Rise in self-employed within the UK

Despite the government’s latest shenanigans around taxing and the self-employed, the sector remains strong according to the latest statistics.

Information released by the Office for National Statistics indicates a solid rise in the number of people working for themselves, which would include contractors working as a personal service company (PSC).

The number of self-employed people increased by 148,000 to 4.80 million for the 3 months to January 2017 when compared to the same period a year earlier.

This figure equates to 15.1% of all people in work in the UK.

These latest findings are further indication that Chancellor Philip Hammond’s attempt – now rebuffed – to lift the rate of tax the self employed have to pay was misguided, as freelance and contractor workers continues to form an increasingly vital part of the UK labour market, and should be treated seriously and fairly.

In response to the latest statistics, Lorence Nye, IPSE’s Economic Policy Adviser described self-employment as a ‘crucial catalyst’ that will only boost the UK labour market going forward.

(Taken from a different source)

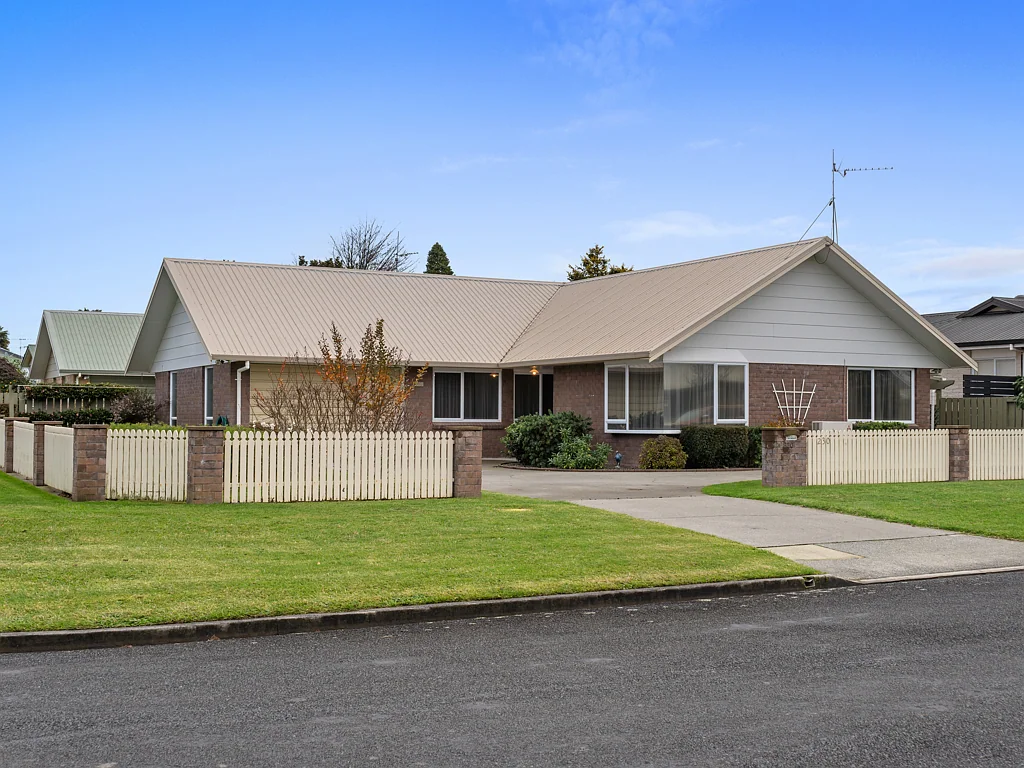 230 Young Street, Te Awamutu, Waipa, Waikato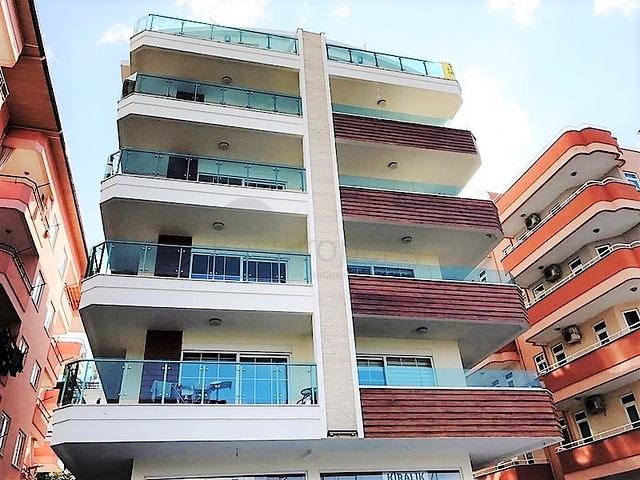 اطلالة مفتوحة - دوبلكس 3 غرف وصالة - في مركز الانيا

“In the past year the self-employed population accounted for more new jobs in our economy than employee roles,” he said. “The self-employed have been more than pulling their weight since the recession of 2008, accounting for 40 per cent of the total growth in employment. The latest figures really underline the fact that the self-employed have been essential to the UK economy and their overwhelming worth and value should be nurtured and encouraged by the Government rather than damaged. Targeting them to gain higher tax revenues will only have wider damaging ramifications for the economy.”